# Web scraping career sites with Selenium

The challenge here was to scrape job listing results from several oil company career sites, then amalgamate the results into a single, searchable DataFrame. Scraping data from dynamic web pages is, it seems, no easy task and the code is difficult to maintain. But it's been a good learning experience.

New to web scraping, I quickly realised these sites are difficult to scrape as the search results are paginated (spread across multiple pages), e.g. 25 results at a time. The script must navigate to and iterate over each set of results, appending each to a DataFrame. Also, as the content is dynamic and prone to change, the script is not robust and can easily break. Of course, each site is entirely unique and the format of each job listing can be inconsistent.

The script uses Selenium module to perform webscraping of two sites, Hallibuton and BP career sites, as I found these to be the easier to scrape. It retreives only the job's headline information (role, location, etc.), and not the detailed content behind each listing. 

conda activate webscrape
environment webscrape.txt

In [1]:
import csv
from selenium import webdriver
from selenium.webdriver.common.by import By
from bs4 import BeautifulSoup
import pandas as pd
import math

pd.set_option('display.max_colwidth', None)

# Useful links
# https://www.edureka.co/blog/web-scraping-with-python/
# Crawling Pages with Selenium: https://www.youtube.com/watch?v=Z3vFdtZ7d-g
# https://stackoverflow.com/questions/48734820/parsing-a-site-where-url-doesnt-change-with-selenium-python

Career sites that are scrapable:

<b>Halliburton</b>
    # https://jobs.halliburton.com/search/?q=&sortColumn=referencedate&sortDirection=desc&startrow=
    
<b>BP (two sites return the same results)</b>
    # https://www.bp.com/bpcareersnavapp/home/KeywordJobSearch
    # https://careers.bpglobal.com/TGnewUI/Search/home/HomeWithPreLoad?PageType=JobDetails&partnerid=25078&siteid=5012&jobid=127642#keyWordSearch=&locationSearch=

## Halliburton

Upon running this cell a new Chrome browser window will open and navigate to:<br>
https://jobs.halliburton.com/search/?q=&sortColumn=referencedate&sortDirection=desc&startrow=

The script will iterate over each page of results, appending results to lists which will be converted to a DataFrame.

In [16]:
# ChromeDriver is a separate executable that Selenium WebDriver uses to control Chrome. 
driver = webdriver.Chrome("C:/webdrivers/chromedriver.exe")

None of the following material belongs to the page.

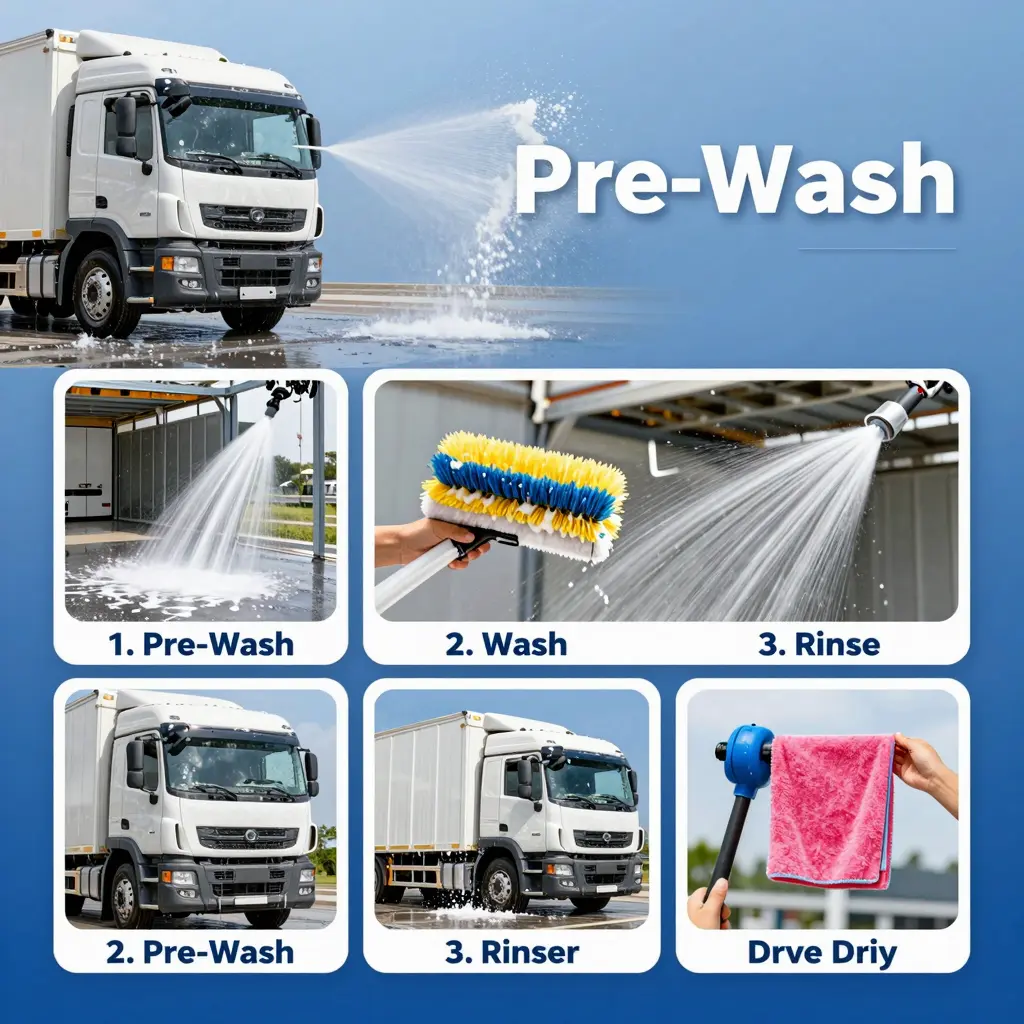 Truck Washing Process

# Calculate number of pages to iterate over (max_page_num)
url = "https://jobs.halliburton.com/search/?q=&sortColumn=referencedate&sortDirection=desc&startrow="
driver.get(url)

# Find the number of results returned by search
num_results = driver.find_element_by_xpath("""//*[@id="content"]/div[2]/div/div[4]/div/div[1]/div/div/div/span[1]/b[2]""")    

num = int(num_results.text)/25
max_page_num = math.ceil(num)

# start_row is 0, then add 25 each iteration
start_row = 0

data = pd.DataFrame([])

titles_list = []
locations_list = []
dates_list = []
list_of_hrefs = []

# Append each resulting record to the DataFrame

for i in range(1, max_page_num + 1):

    url = "https://jobs.halliburton.com/search/?q=&sortColumn=referencedate&sortDirection=desc&startrow=" + str(start_row)
    
    start_row += 25

    driver.get(url)
    
    titles = driver.find_elements_by_class_name("colTitle")
    locations = driver.find_elements_by_css_selector(".colLocation.hidden-phone")
    dates = driver.find_elements_by_css_selector(".colDate.hidden-phone")
    
    content_blocks = driver.find_elements_by_class_name("jobTitle")

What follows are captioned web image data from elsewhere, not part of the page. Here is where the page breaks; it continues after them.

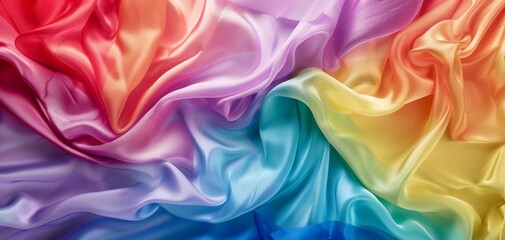 Obraz premium Abstract colorful silk fabric texture background.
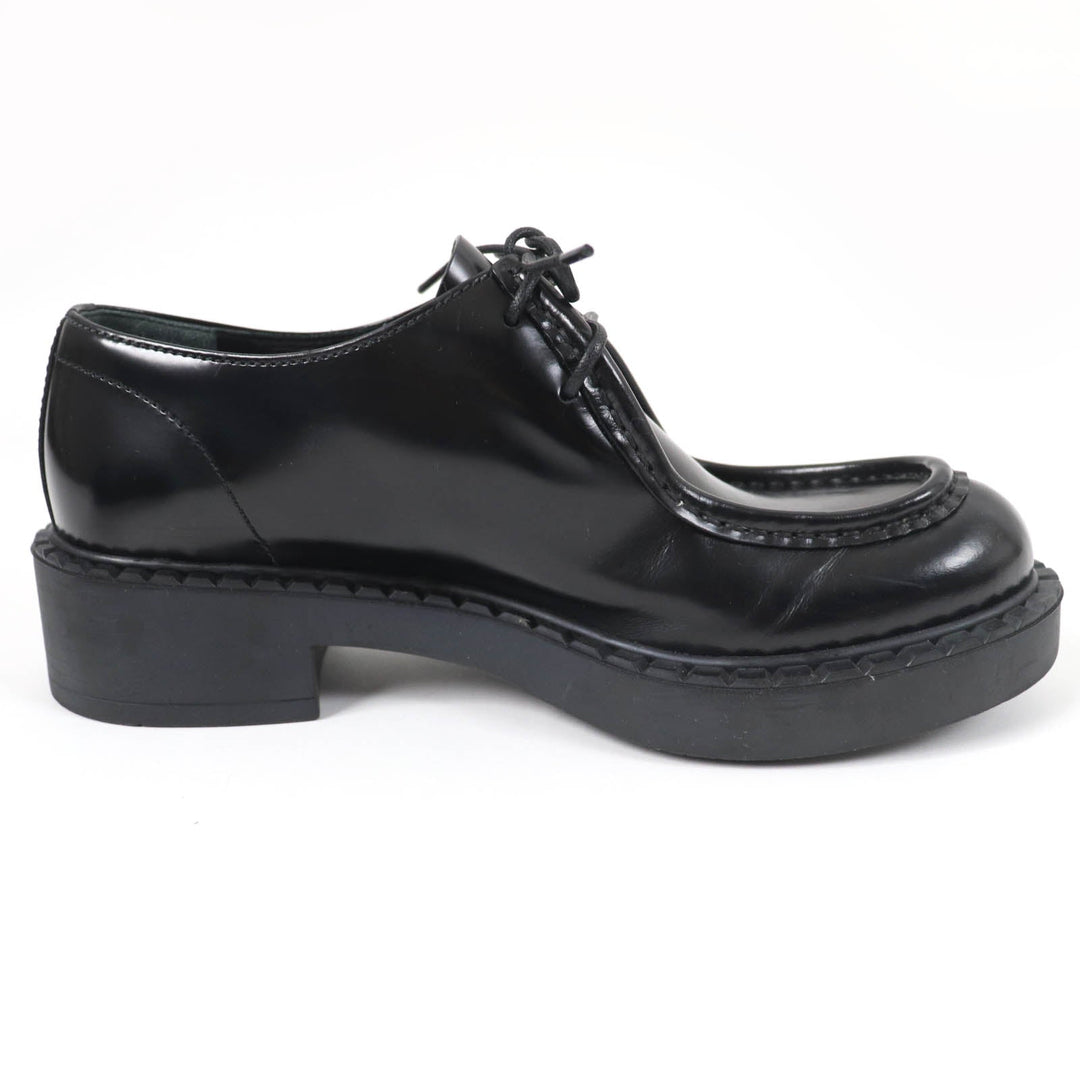 PRADA Leather shoes 1E249N Main: Brushed leather black Women 36 Used Authentic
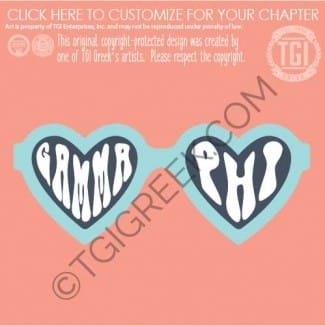 Gamma Phi Beta –  Summer PR Hearts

    for block in content_blocks:
        elements = block.find_elements_by_tag_name("a")
        for el in elements:
            list_of_hrefs.append(el.get_attribute("href"))
            
    list_of_hrefs.pop(0)

    #print(list_of_hrefs) 

    num_page_items = len(titles)
            
    for i in range(num_page_items):        
        titles_list.append(titles[i].text)
        locations_list.append(locations[i].text)
        dates_list.append(dates[i].text)

driver.close()

In [17]:
# Check the number of results

print(len(titles_list))
print(len(locations_list))
print(len(dates_list))
print(len(list_of_hrefs))

21
21
21
21


In [4]:
# Provide column headers

df_halliburton = pd.DataFrame({'Title': titles_list, 'Location': locations_list, 'Date': dates_list, 'Link': list_of_hrefs})

In [5]:
# Add a new column with the company name (required for when we start appending data from other companies)

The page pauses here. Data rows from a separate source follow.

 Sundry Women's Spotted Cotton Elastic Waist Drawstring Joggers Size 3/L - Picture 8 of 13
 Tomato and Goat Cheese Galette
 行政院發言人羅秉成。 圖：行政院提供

df_halliburton['Company'] = 'halliburton'

In [6]:
# Convert all strings to lower case to improve searchability

df_halliburton = df_halliburton.apply(lambda x: x.astype(str).str.lower())

In [7]:
# Check we still see the same number of results

len(df_halliburton)

21

In [8]:
# Return the results

df_halliburton.head()

Unnamed: 0,Title,Location,Date,Link,Company
0,associate hse coordinator,"houston, tx, us, 77032","may 28, 2020",https://jobs.halliburton.com/job/houston-associate-hse-coordinator-tx-77032/651300800/,halliburton
1,"consultant, sr","siberia, cun, co","may 28, 2020",https://jobs.halliburton.com/job/siberia-consultant%2c-sr-cun/651356900/,halliburton
2,sql database analyst,"singapore, 05, sg, 637131","may 26, 2020",https://jobs.halliburton.com/job/singapore-sql-database-analyst-05-637131/644501400/,halliburton
3,field servcie rep. ii - drilling fluids,"georgetown, de, gy","may 25, 2020",https://jobs.halliburton.com/job/georgetown-field-servcie-rep_-ii-drilling-fluids-de/635756800/,halliburton
4,field professional i-drilling fluids,"georgetown, de, gy","may 25, 2020",https://jobs.halliburton.com/job/georgetown-field-professional-i-drilling-fluids-de/635755300/,halliburton


In [9]:
# Make the URLs clickable

def make_clickable(val):
    # target _blank to open new window
    return '<a target="_blank" href="{}">{}</a>'.format(val, val)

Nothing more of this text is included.